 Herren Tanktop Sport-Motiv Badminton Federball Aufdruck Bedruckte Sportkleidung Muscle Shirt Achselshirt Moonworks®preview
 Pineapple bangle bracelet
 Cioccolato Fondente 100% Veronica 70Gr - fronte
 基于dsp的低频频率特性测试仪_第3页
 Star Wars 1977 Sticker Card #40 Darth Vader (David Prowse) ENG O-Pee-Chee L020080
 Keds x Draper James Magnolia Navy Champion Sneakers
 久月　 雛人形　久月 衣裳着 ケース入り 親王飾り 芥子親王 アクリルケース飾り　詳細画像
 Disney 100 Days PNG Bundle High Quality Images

----------------

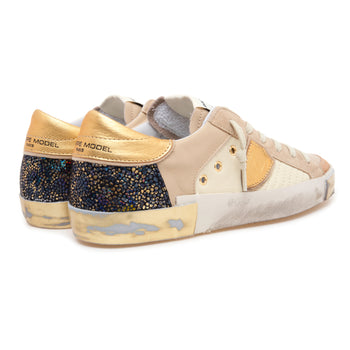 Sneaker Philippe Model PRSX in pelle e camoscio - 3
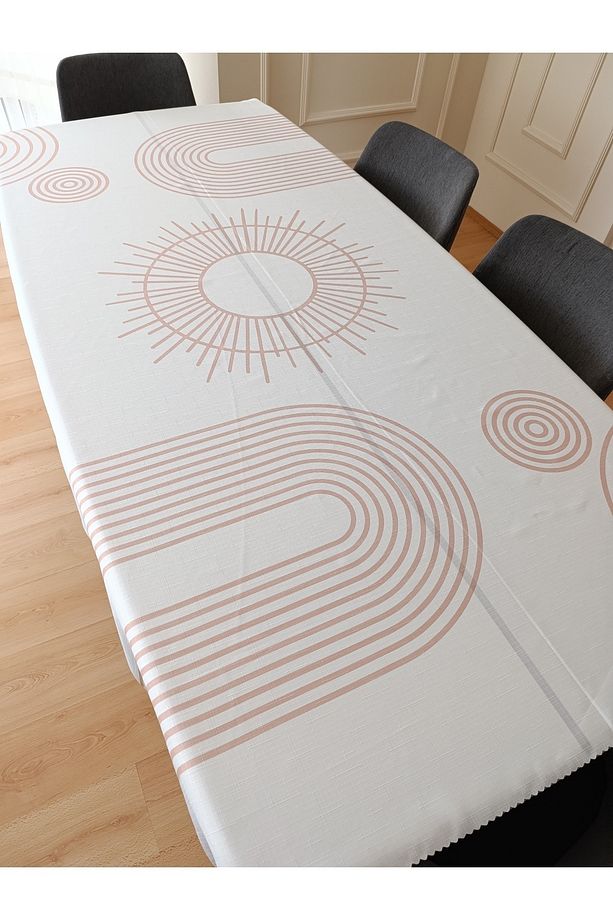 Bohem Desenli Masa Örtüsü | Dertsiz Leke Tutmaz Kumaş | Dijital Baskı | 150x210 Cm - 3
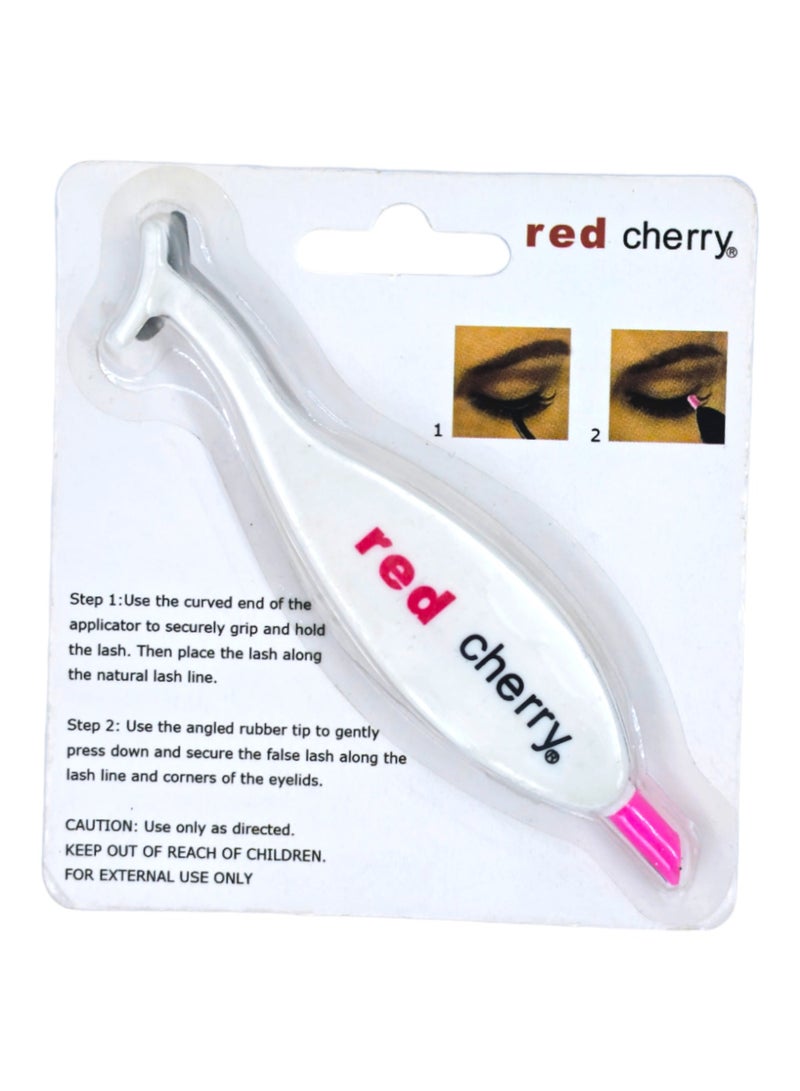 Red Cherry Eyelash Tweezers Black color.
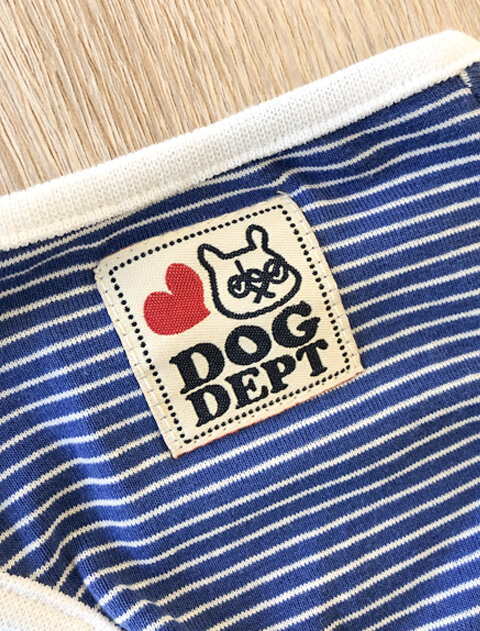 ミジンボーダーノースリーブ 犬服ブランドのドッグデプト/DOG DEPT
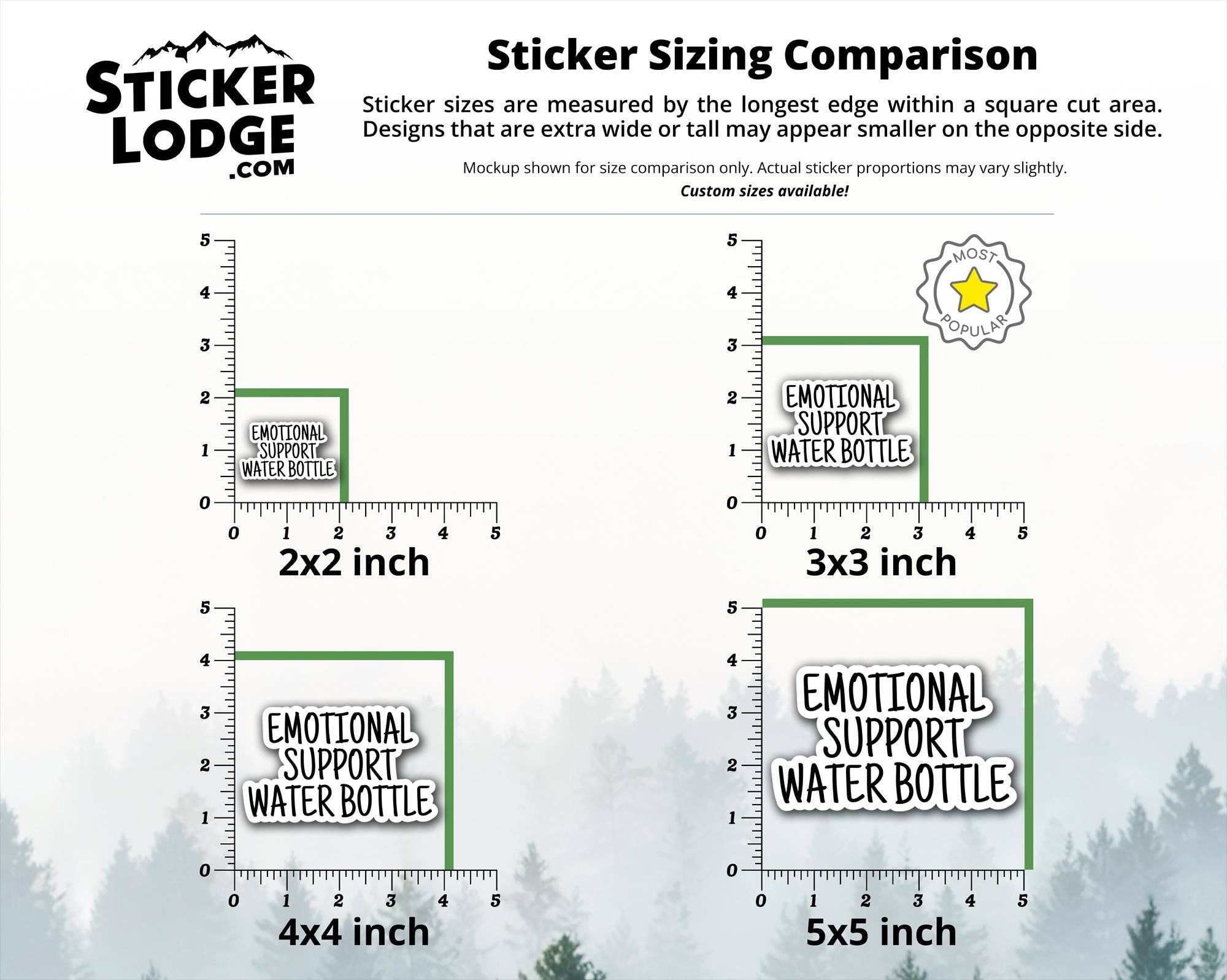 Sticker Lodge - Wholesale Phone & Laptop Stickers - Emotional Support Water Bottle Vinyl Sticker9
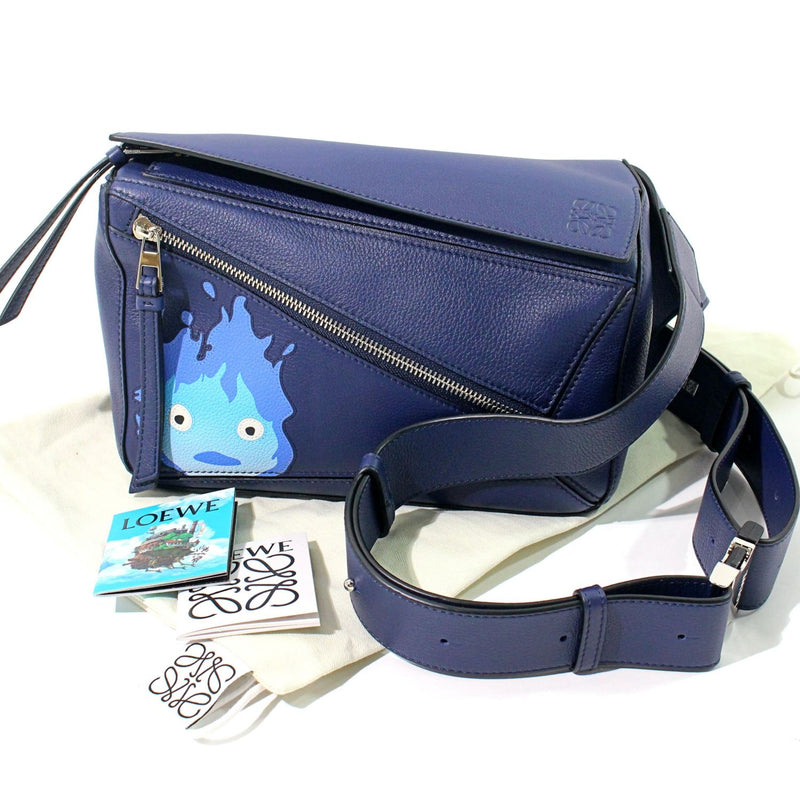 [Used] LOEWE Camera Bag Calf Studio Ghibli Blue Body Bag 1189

----------------

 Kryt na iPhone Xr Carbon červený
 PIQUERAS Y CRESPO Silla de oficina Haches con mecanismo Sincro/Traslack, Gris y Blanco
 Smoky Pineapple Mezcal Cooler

----------------

Range to copy from the listing above: the line containing "Sneaker Philippe Model" down to the line containing "[Used] LOEWE Camera", both included. Reproduce it exactly, minus the pictures, and add nothing.

 Sneaker Philippe Model PRSX in pelle e camoscio - 3
 Bohem Desenli Masa Örtüsü | Dertsiz Leke Tutmaz Kumaş | Dijital Baskı | 150x210 Cm - 3
 Red Cherry Eyelash Tweezers Black color.
 ミジンボーダーノースリーブ 犬服ブランドのドッグデプト/DOG DEPT
 Sticker Lodge - Wholesale Phone & Laptop Stickers - Emotional Support Water Bottle Vinyl Sticker9
 [Used] LOEWE Camera Bag Calf Studio Ghibli Blue Body Bag 1189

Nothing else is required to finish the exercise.